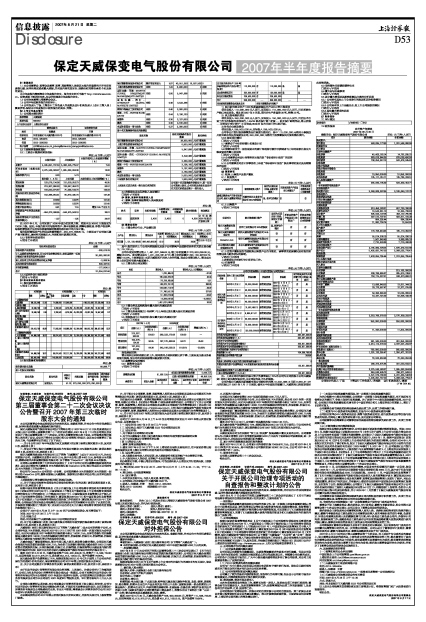 天威保變最新內(nèi)部消息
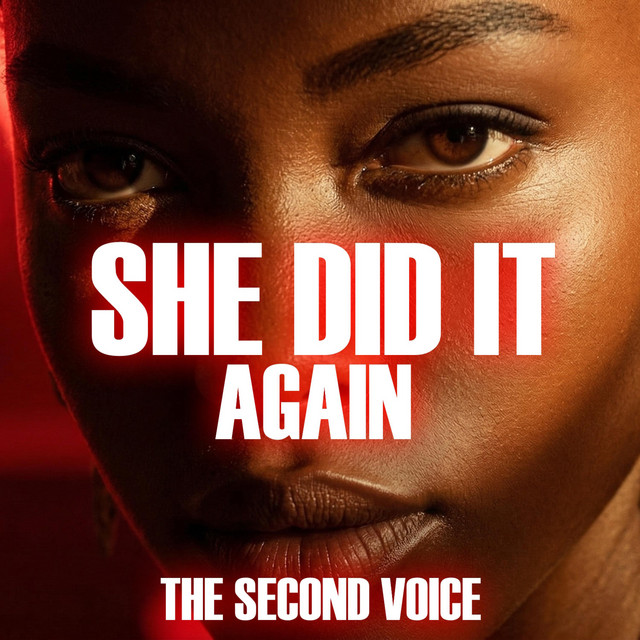 Album cover for SHE DID IT AGAIN by The Second Voice Official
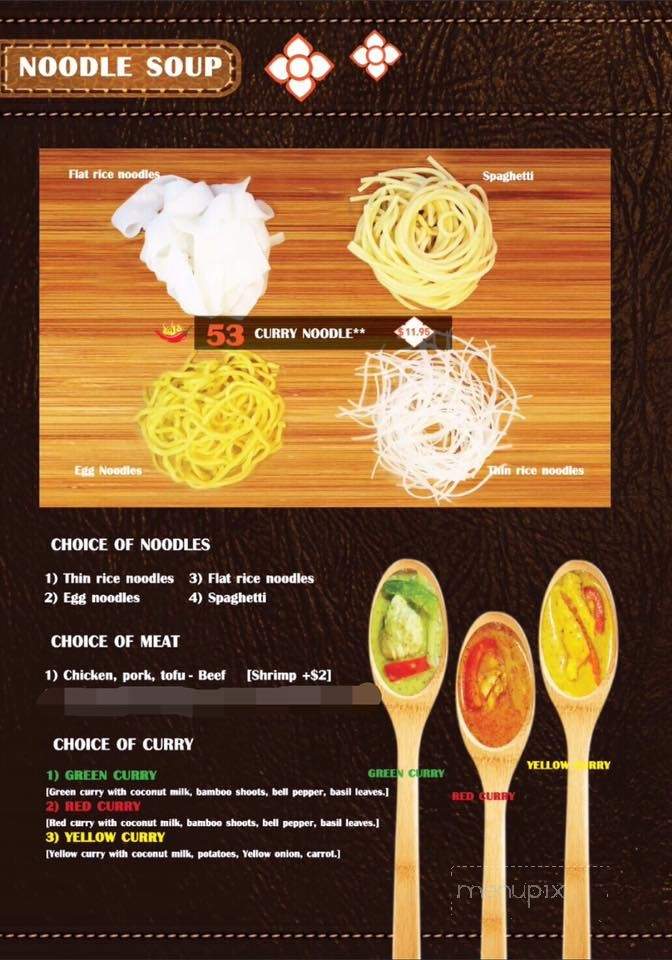 D Thai Bistro - Mesquite, NV menu_pic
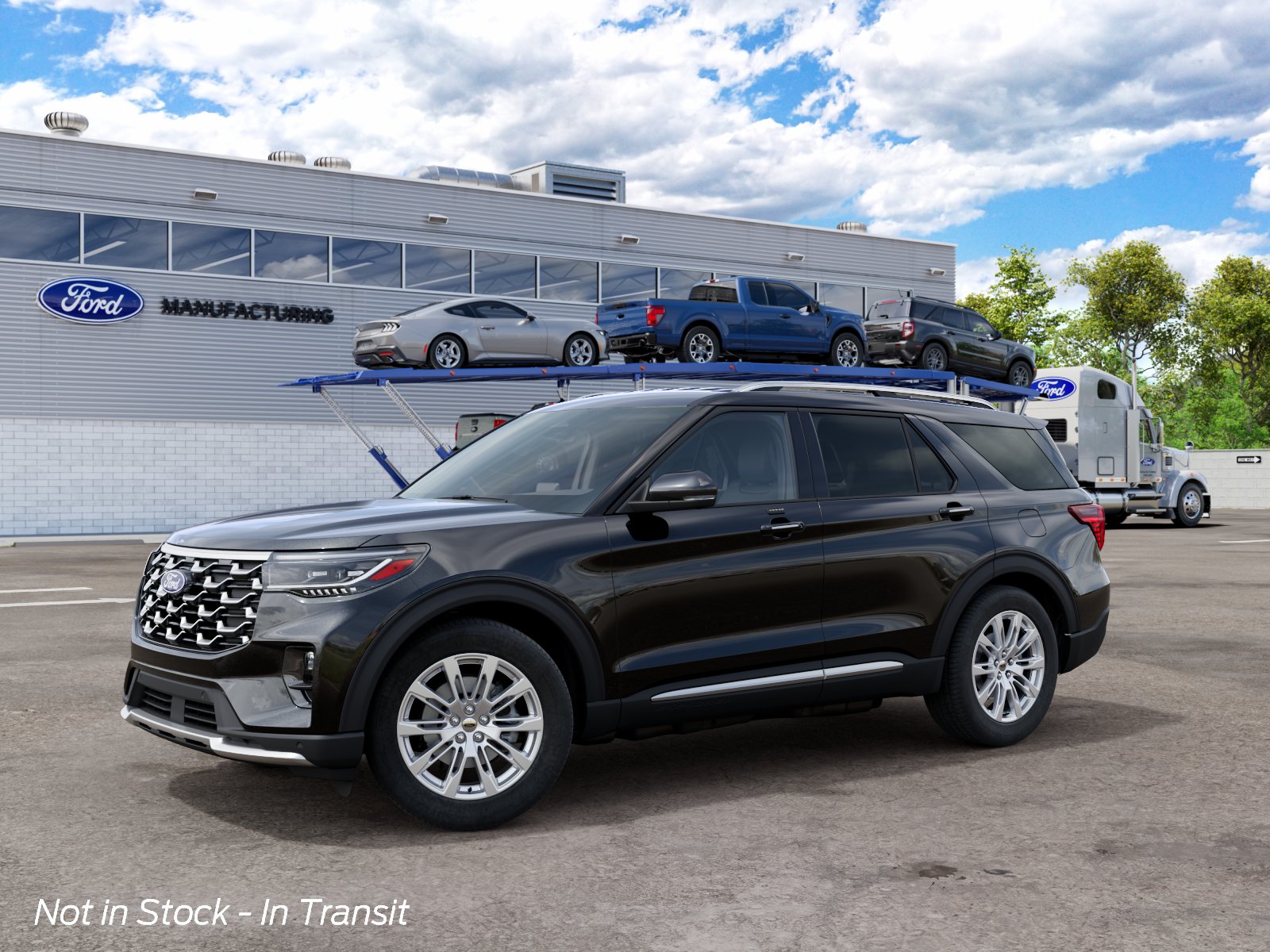 New 2027 Ford Explorer - photo 2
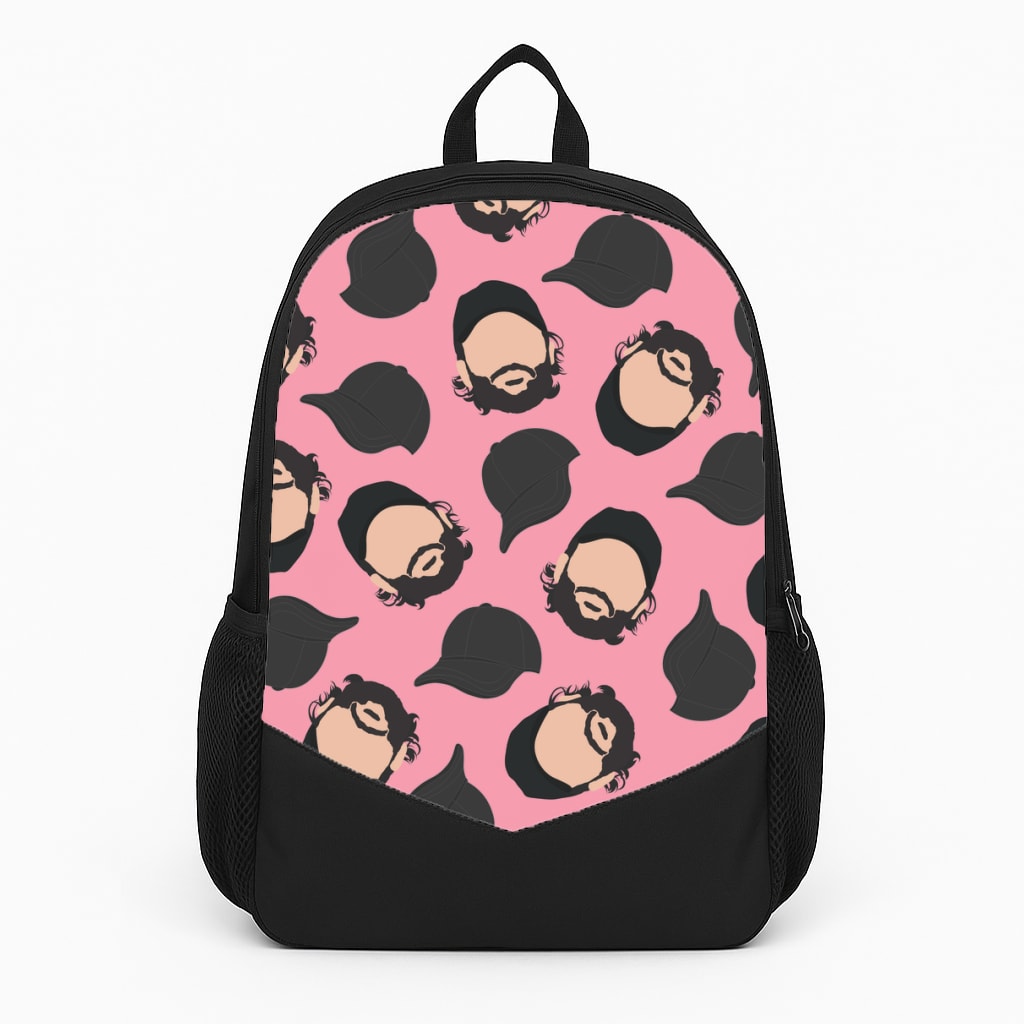 Joe And Hats Pattern Backpack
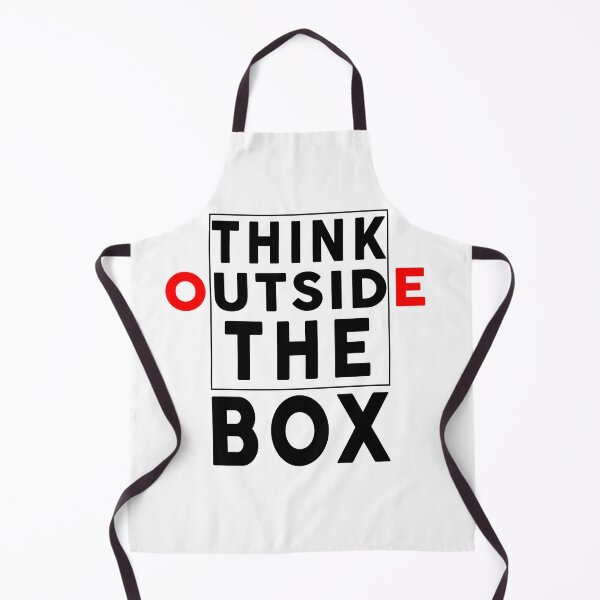 Item preview,  Think outside of the box! designed and sold by Mokhe.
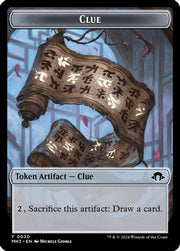 Clue Token // Energy Reserve Double-Sided Token (MH3-30 // 36) - Modern Horizons 3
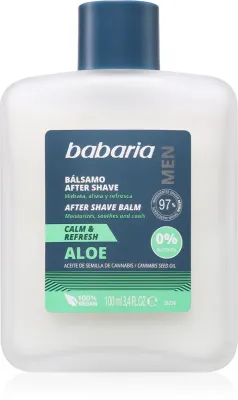 Babaria Aloe Vera - Освежающая вода после бритья с алоэ, 100 мл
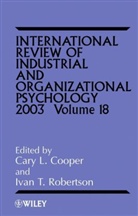 COOPER, C. L. Cooper, Cary (Lancaster University Management Scho Cooper, Cary L. Cooper, Cary Robertson Cooper, CL Cooper... - International Review of Industrial and Organizational Psychology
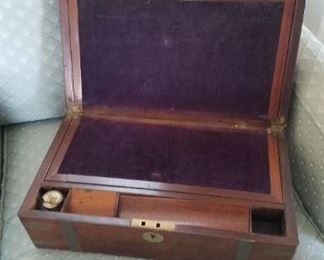 Antique lap desk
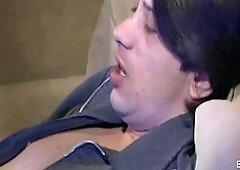 Daddys Girl: Rick Masters and Buxom Blonde Kiki Daire - Vintage hardcore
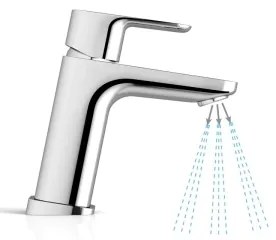 Ravak X070127 - Baterie lavoar FREE 14,5 cm, crom lucios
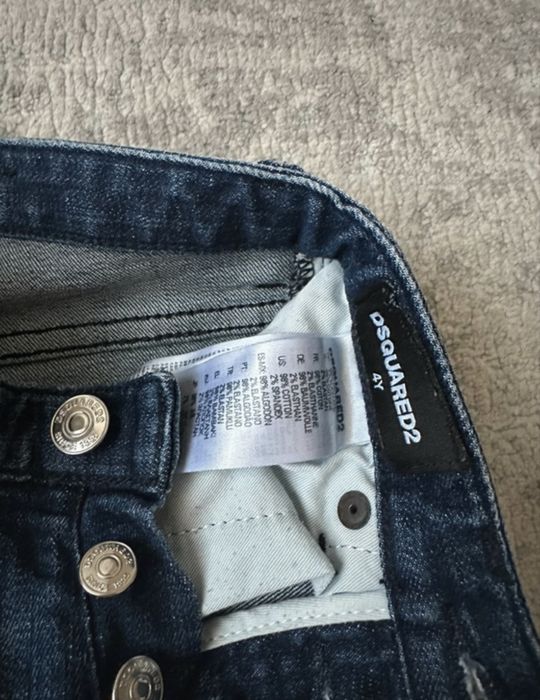 Blugi pentru copii Dsquared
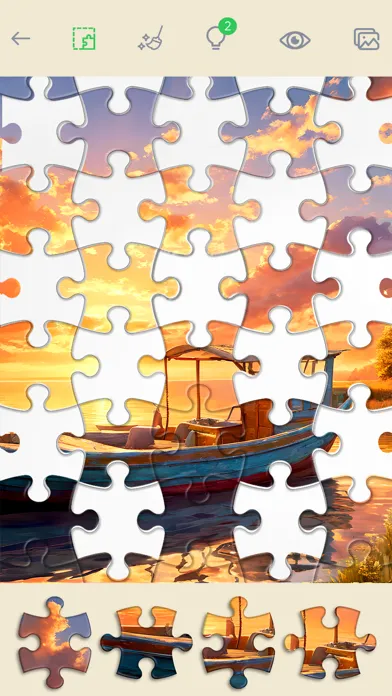 Jigsaw Puzzle: Classic Art 스크린샷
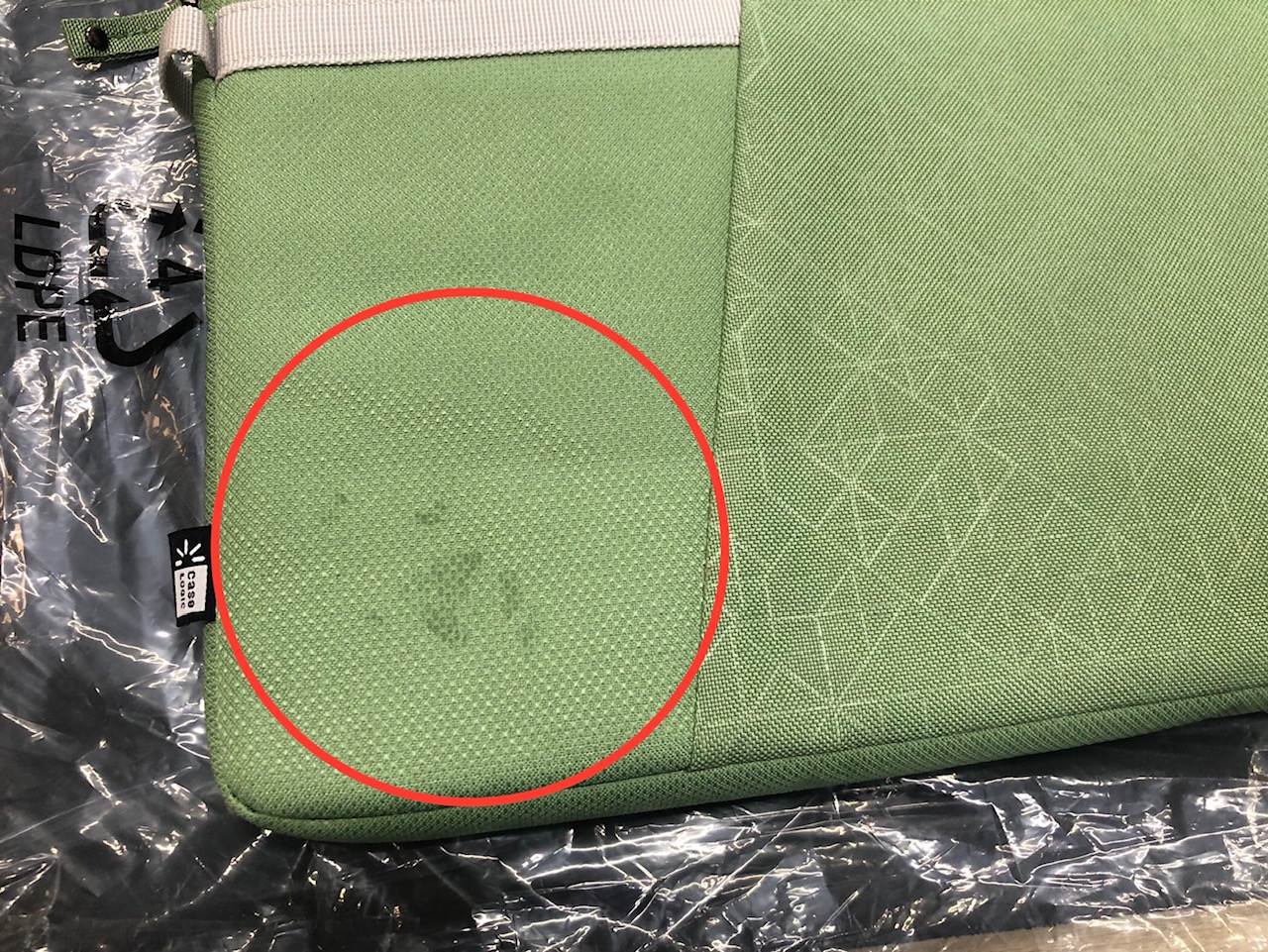 Case Logic Ibira - Laptophoes/ Sleeve - 14 inch - Islay Green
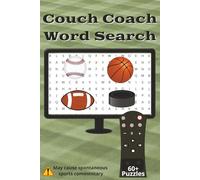Couch Coach Word Search: *Warning* May Cause Spontaneous Sports Commentary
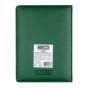 Щоденник недат. PRIME, A5, зелений, штуч.шкіра/поролон, 336 стор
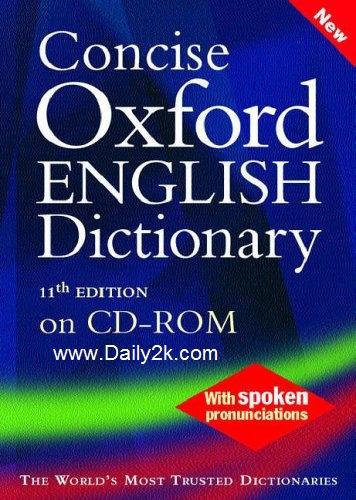 Oxford Dictionary 11th Edition Crack Portable Free Full Download HeRe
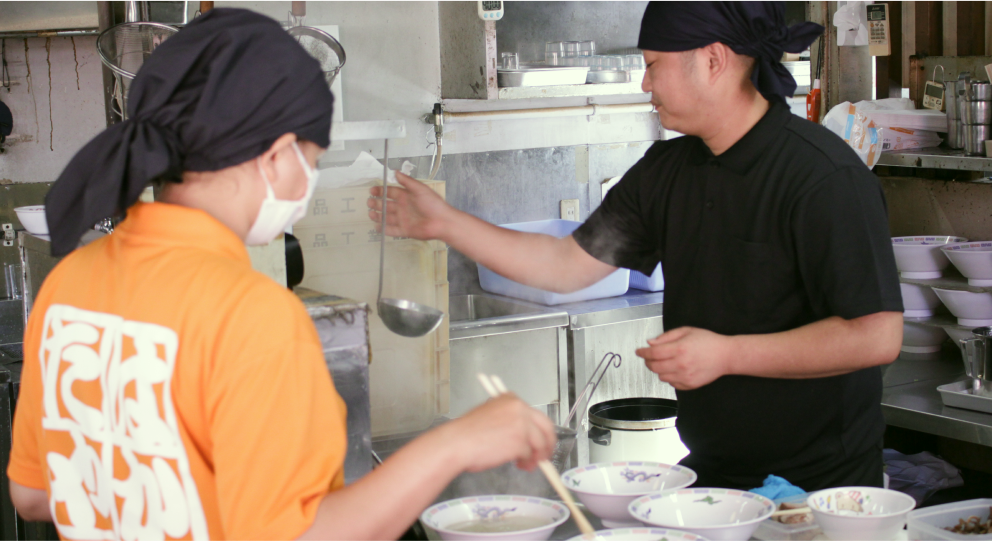 さっぱりとしたうまみを追求王道を貫くラーメン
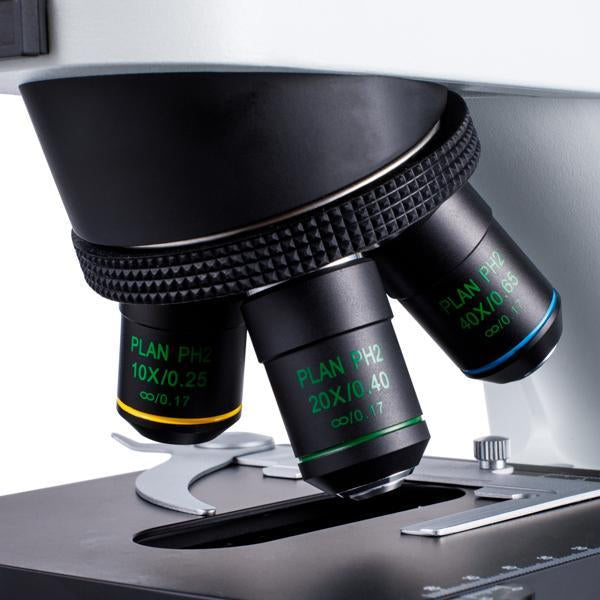 VE-PH300 Biological Binocular Microscope w/ Phase Contrast Kit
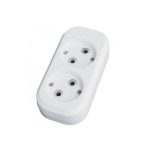 Колодка 2 б/з 10А Народная TDM (1/10)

» **Work task**: Copy out only the lines beginning at the line with "Jigsaw Puzzle: Classic Art 스크린샷" and ending at the last line of the entries. Keep them exact; drop pictures.

» **Exercise response**:
 Jigsaw Puzzle: Classic Art 스크린샷
 Case Logic Ibira - Laptophoes/ Sleeve - 14 inch - Islay Green
Couch Coach Word Search: *Warning* May Cause Spontaneous Sports Commentary
 Щоденник недат. PRIME, A5, зелений, штуч.шкіра/поролон, 336 стор
 Oxford Dictionary 11th Edition Crack Portable Free Full Download HeRe
 さっぱりとしたうまみを追求王道を貫くラーメン
 VE-PH300 Biological Binocular Microscope w/ Phase Contrast Kit
 Колодка 2 б/з 10А Народная TDM (1/10)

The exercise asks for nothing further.